▶ PROBLEM TO SOLVE
Transcribe exactly, and only, the lines from the one containing "博特水泵和創寧水泵那個好點(博特和創寧的水泵比較)" through the end of the entries below, leaving the pictures out.

▶ Image-caption web data

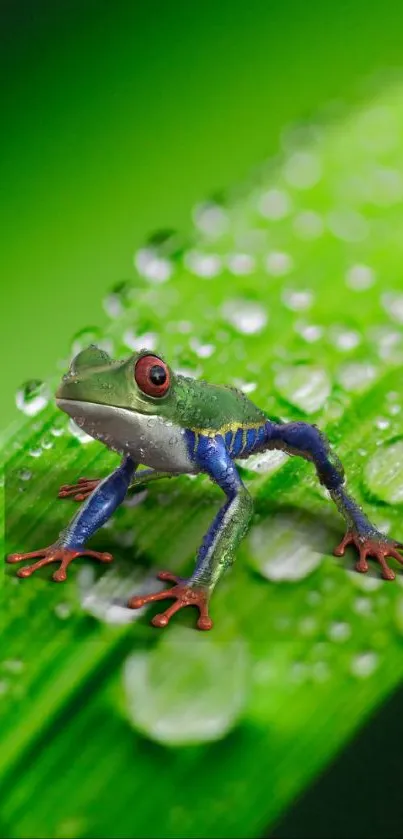 Vibrant frog on a dew-covered green leaf wallpaper.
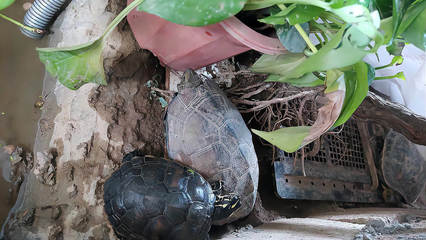 博特水泵和創寧水泵那個好點(博特和創寧的水泵比較)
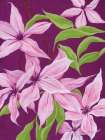 Climbing Clematis Art Print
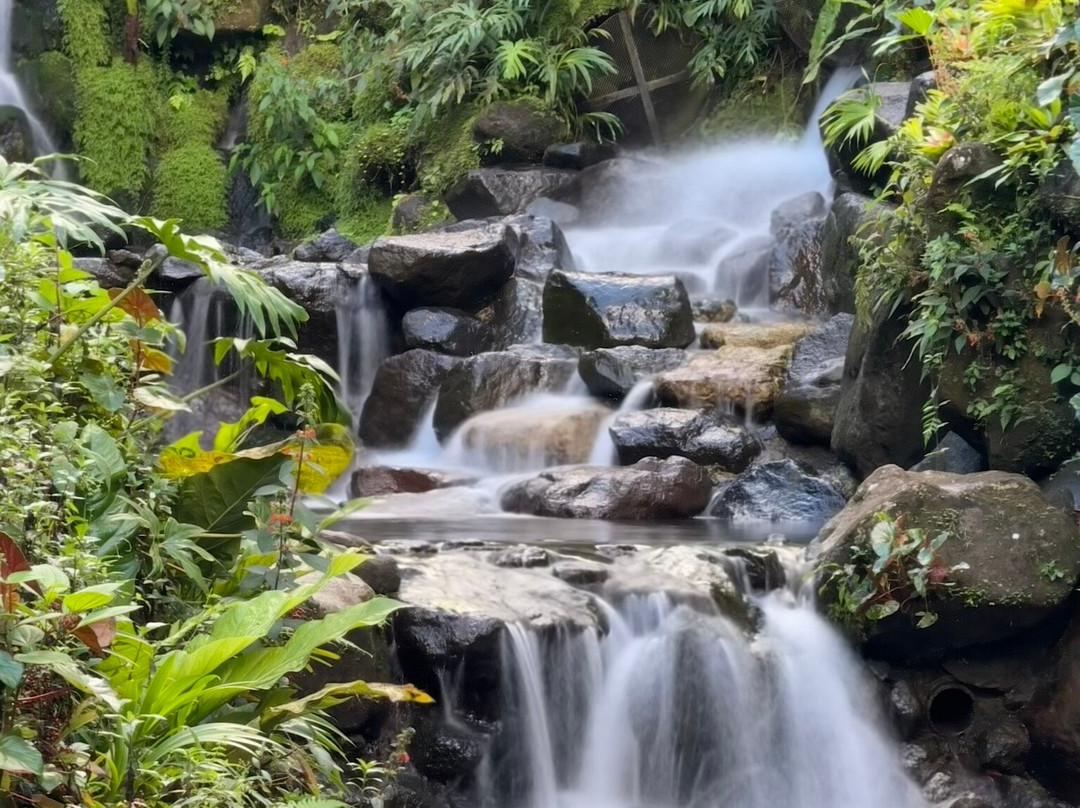 Kurú Natural Springs-福德圣卡洛斯必去景点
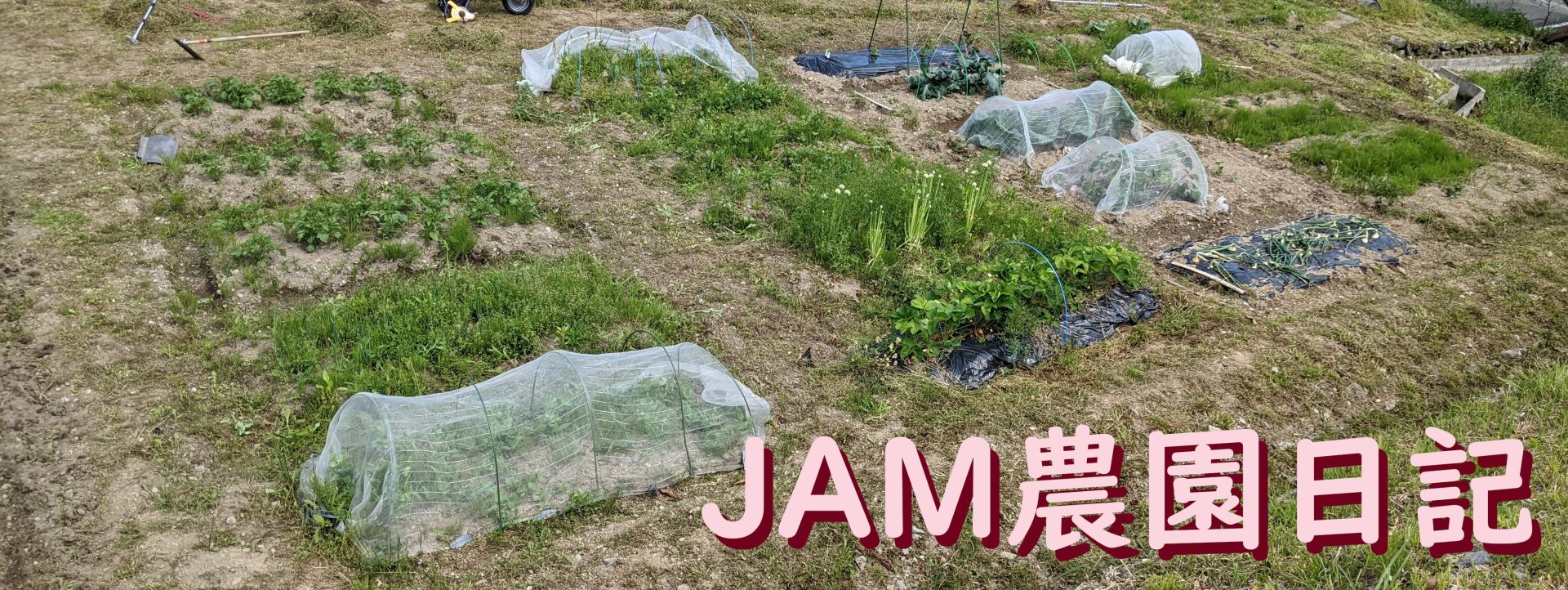 JAM農園日記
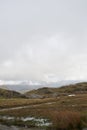 Mountain bog: rocks, water, brown rushes and grass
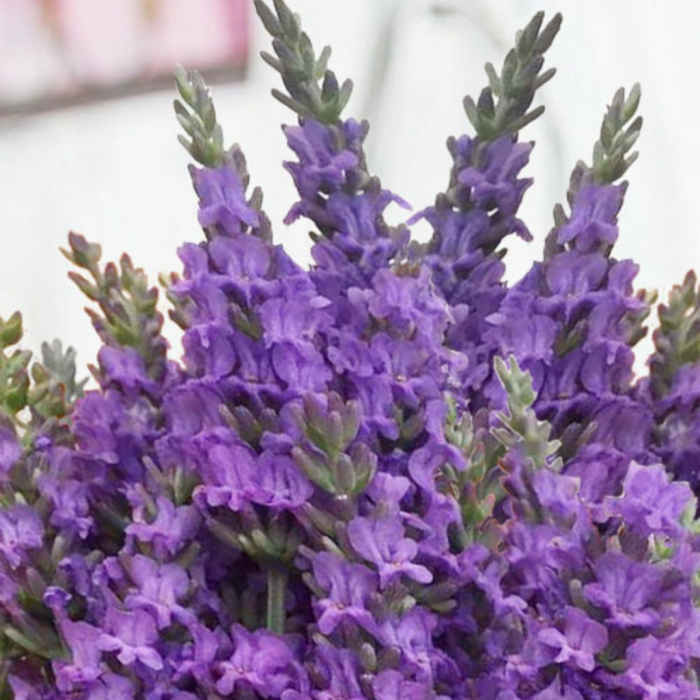 Lavender X Intermedia Sensational Lavandula Large Flowered 9204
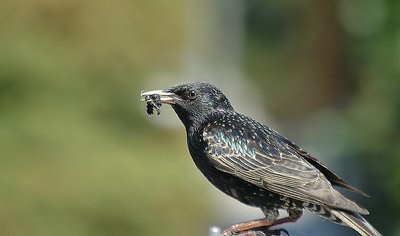 'blackbird with his lunch'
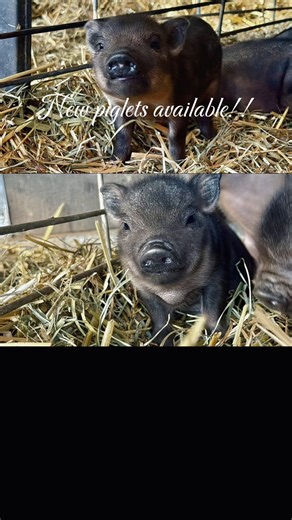 We have three new piglets that were added to the website as available today! Be sure to check them out and if you’re interested, fill out a pickle application! We will get back to you ASAP #piglet #piglets #minipigs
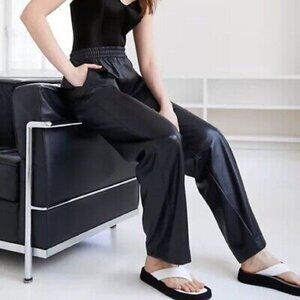 Aritzia Babaton Black Vegan Leather Pants Straight cut size 4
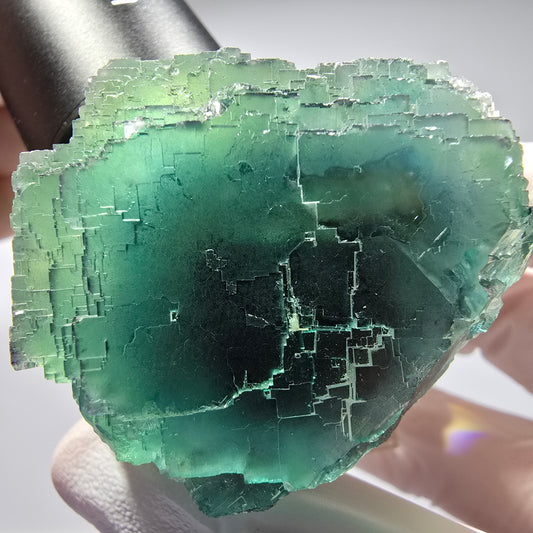 Phantom Fluorit Würfel Stufe, parkettiert Okorusu, Namibia 60*47*38mm #13255
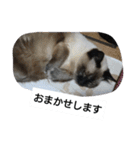 猫屋敷 わさりりあん～～②（個別スタンプ：24）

▶ SOLUTION FOR THIS PROBLEM
 博特水泵和創寧水泵那個好點(博特和創寧的水泵比較)
 Climbing Clematis Art Print
 Kurú Natural Springs-福德圣卡洛斯必去景点
 JAM農園日記
 Mountain bog: rocks, water, brown rushes and grass
 Lavender X Intermedia Sensational Lavandula Large Flowered 9204
 'blackbird with his lunch'
 We have three new piglets that were added to the website as available today! Be sure to check them out and if you’re interested, fill out a pickle application! We will get back to you ASAP #piglet #piglets #minipigs
 Aritzia Babaton Black Vegan Leather Pants Straight cut size 4
 Phantom Fluorit Würfel Stufe, parkettiert Okorusu, Namibia 60*47*38mm #13255
 猫屋敷 わさりりあん～～②（個別スタンプ：24）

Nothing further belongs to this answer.